Simone, a biophysics major at Johns Hopkins University, applied to the university's Community Impact Internships Program because he wanted to engage more deeply with Baltimore and believed the program would allow him to support the community while immersing himself in it.
"I was very aware of how little I knew and how little I was connected to Baltimore," says Simone, a rising junior who grew up in suburban Massachusetts. "It definitely made me uncomfortable that I was in my little bubble and not doing anything about it."
CIIP pairs Hopkins undergrads with nonprofit organizations and government agencies in Baltimore for paid, eight-week summer internships, helping participants gain real-world experience while also providing needed help to city organizations. The program placed 49 students this year at nonprofits and agencies including Baltimore Youth Arts, the Chase Brexton LGBT Health Resource Center, YouthWorks, the Office of the State's Attorney, the Maryland Transportation Administration, and Baltimore City Public Schools.
New on CIIP's roster of site placements this year was Corner Team Inc., a nonprofit boxing gym located on East 25th Street, in the city's East Baltimore Midway neighborhood. Founded by professional boxer and former Ghanaian national boxing champion Michael Gbenga, Corner Team uses boxing and fitness to "engage youth, seniors, and people with disabilities in a safe and supportive environment."
Boxing wasn't what Simone expected, but the seasoned athlete quickly embraced the challenge of learning something new.
"I really enjoy picking up on new things," he says. "With a sport that you do all the time, you get deep into it, and it gets hard to notice improvement. But in the first month of something, it's night and day how much you learn."
Simone also had a lot to learn on the nonprofit management side of his assignment, which he's done by serving in a number of roles at the gym. He's helped with grant writing and program development, and he also takes care of many of the day-to-day tasks, such as answering the phone and greeting visitors. Gbenga and his wife, Sara Artes—who serves as board president—both have full-time jobs and have welcomed Simone's help filling in the gaps at the gym.
"Jack has the skill set that I don't have," Gbenga says. "There's a lot of stuff that we can't do immediately, and Jack can do it, like paperwork and programs that need to be documented. He loves what he's doing and that is very, very fulfilling for me."
Corner Team is also a site for YouthWorks, the city-run summer jobs program that offers Baltimore youth ages 14-21 five-week employment with nonprofit, government, and private-sector sponsors. Simone serves as site supervisor for the five interns assigned to Corner Team; they are piloting the programming Simone is developing for Corner Team's future after-school program.
Projects include building and stocking boxes for "little libraries" in the neighborhood; cleanup in the alley alongside the gym to create an outdoor workout space and raised-bed garden; and a data analytics project that evaluates different boxing styles. Simone also offers the YouthWorkers some coaching before Gbenga arrives to lead them—as well as Simone—in an hour of fitness.
"My background in sports allowed me to connect with all the people who fight here immediately and really deeply," he says. "There's something about throwing yourself at something day in and day out that creates a bond."

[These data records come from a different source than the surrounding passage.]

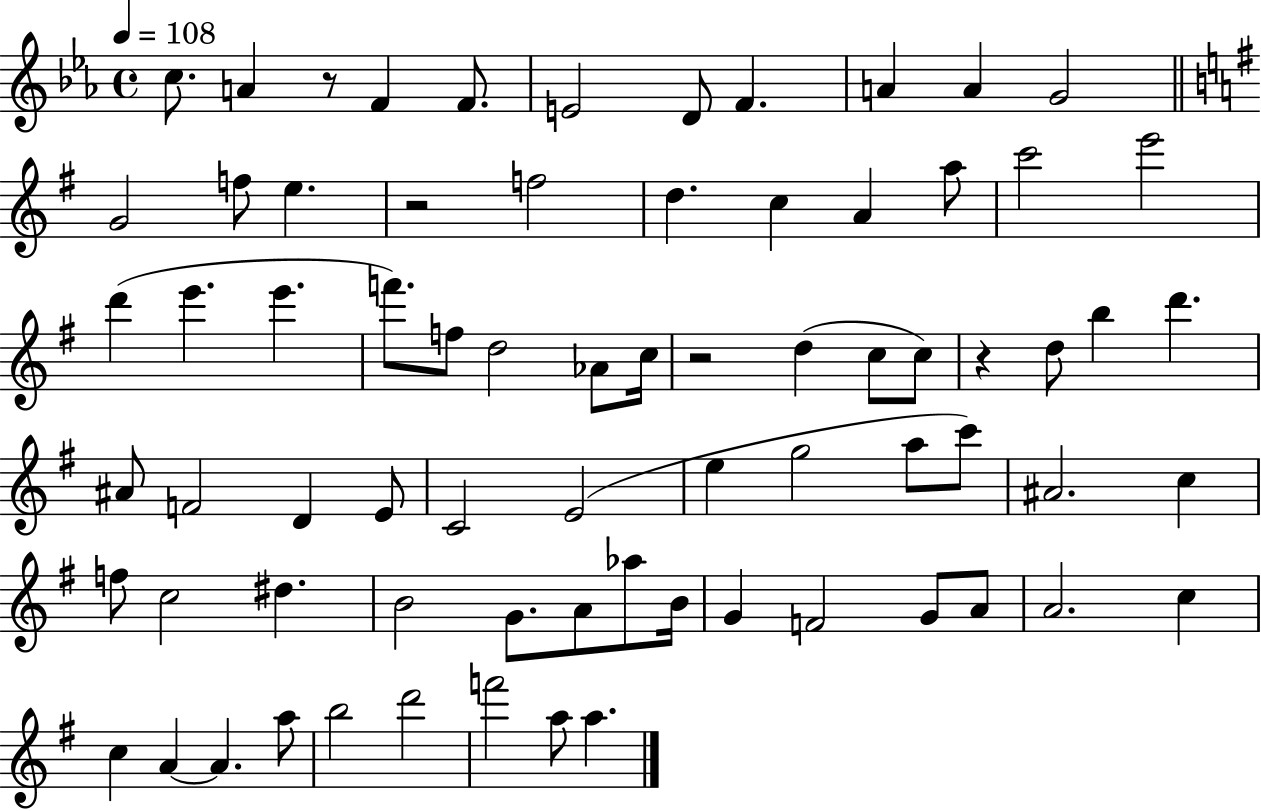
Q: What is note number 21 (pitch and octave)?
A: D6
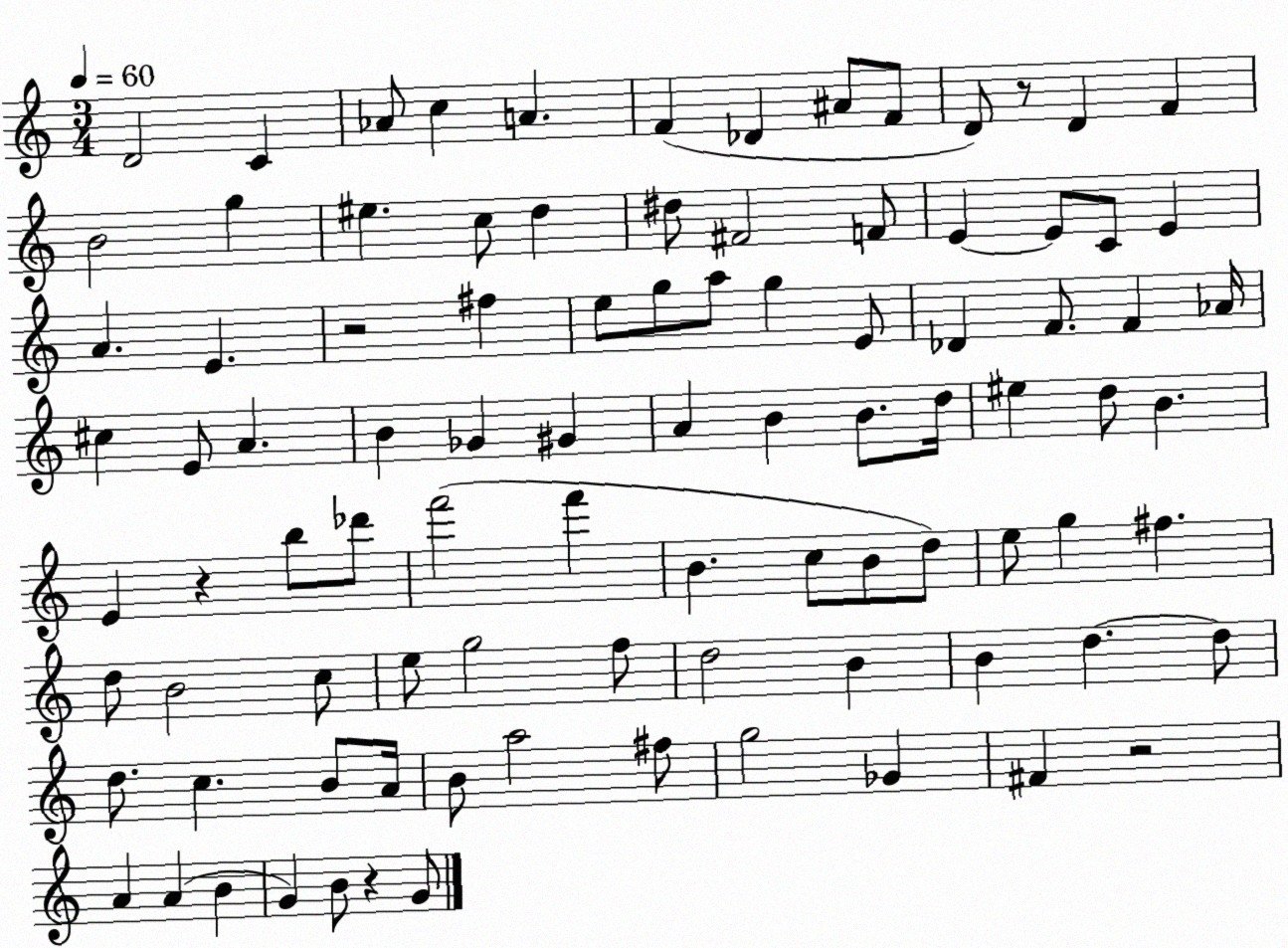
X:1
T:Untitled
M:3/4
L:1/4
K:C
D2 C _A/2 c A F _D ^A/2 F/2 D/2 z/2 D F B2 g ^e c/2 d ^d/2 ^F2 F/2 E E/2 C/2 E A E z2 ^f e/2 g/2 a/2 g E/2 _D F/2 F _A/4 ^c E/2 A B _G ^G A B B/2 d/4 ^e d/2 B E z b/2 _d'/2 f'2 f' B c/2 B/2 d/2 e/2 g ^f d/2 B2 c/2 e/2 g2 f/2 d2 B B d d/2 d/2 c B/2 A/4 B/2 a2 ^f/2 g2 _G ^F z2 A A B G B/2 z G/2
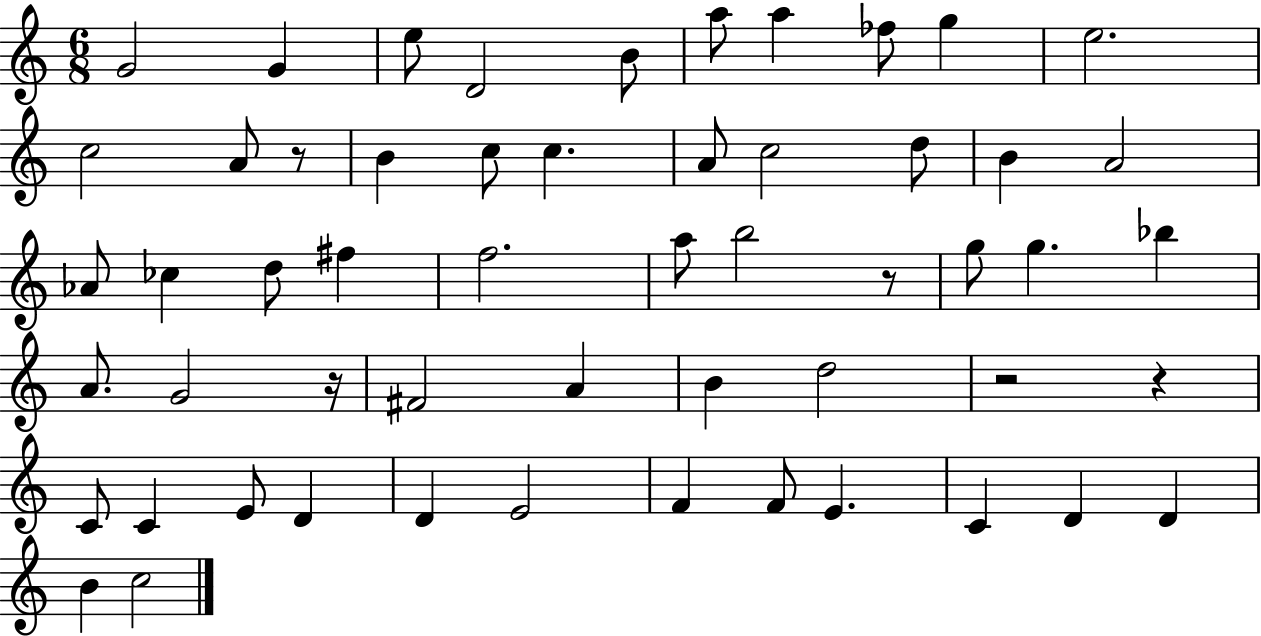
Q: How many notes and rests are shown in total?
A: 55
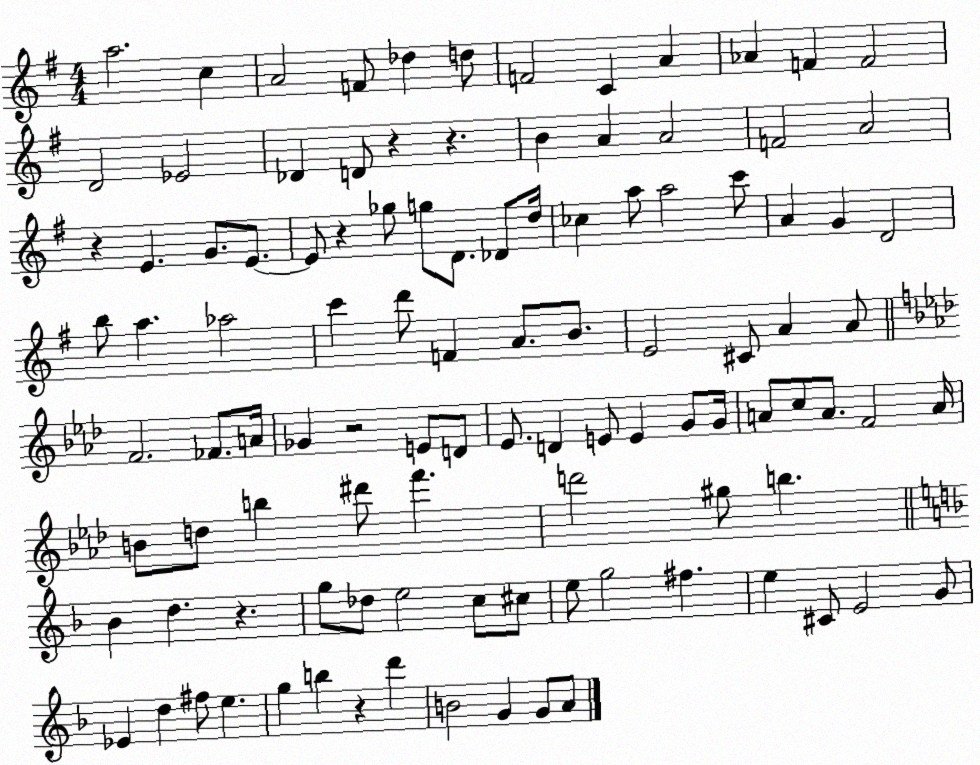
X:1
T:Untitled
M:4/4
L:1/4
K:G
a2 c A2 F/2 _d d/2 F2 C A _A F F2 D2 _E2 _D D/2 z z B A A2 F2 A2 z E G/2 E/2 E/2 z _g/2 g/2 D/2 _D/2 d/4 _c a/2 a2 c'/2 A G D2 b/2 a _a2 c' d'/2 F A/2 B/2 E2 ^C/2 A A/2 F2 _F/2 A/4 _G z2 E/2 D/2 _E/2 D E/2 E G/2 G/4 A/2 c/2 A/2 F2 A/4 B/2 d/2 b ^d'/2 f' d'2 ^g/2 b _B d z g/2 _d/2 e2 c/2 ^c/2 e/2 g2 ^f e ^C/2 E2 G/2 _E d ^f/2 e g b z d' B2 G G/2 A/2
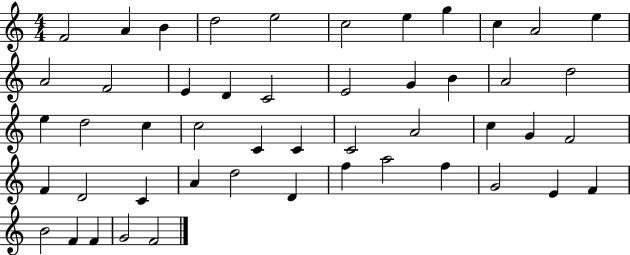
X:1
T:Untitled
M:4/4
L:1/4
K:C
F2 A B d2 e2 c2 e g c A2 e A2 F2 E D C2 E2 G B A2 d2 e d2 c c2 C C C2 A2 c G F2 F D2 C A d2 D f a2 f G2 E F B2 F F G2 F2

Along the way, Simone took in what he saw and heard around him—including how he was received—and began to recognize some hard and uncomfortable truths about race and class. Simone, who is white, says he "came in with a head full of steam" hoping to help the YouthWorkers take the lead in planning a neighborhood event for National Night Out, an annual campaign that promotes police-community partnerships and neighborhood camaraderie. But he quickly realized the YouthWorkers were reluctant to engage with police.
"A lot of that really hit home," he says. "I realized I needed to stop being so brutish, to form relationships with the kids, before digging into this stuff."
He eventually invited the president of the local neighborhood association to speak with the YouthWorkers about their role in the event, and in the process learned the value of leaning on other members of the community, he says.
"It's been very thought-provoking. ... I'm learning to be part of a community of people who are very dissimilar from myself, with different backgrounds," he says. "[In earlier volunteer experiences,] it was easy to show up and start talking and not think about how I was conveying information. I'm learning to think about how much space my voice is taking up, and become as critical about how I'm saying things as what I'm saying."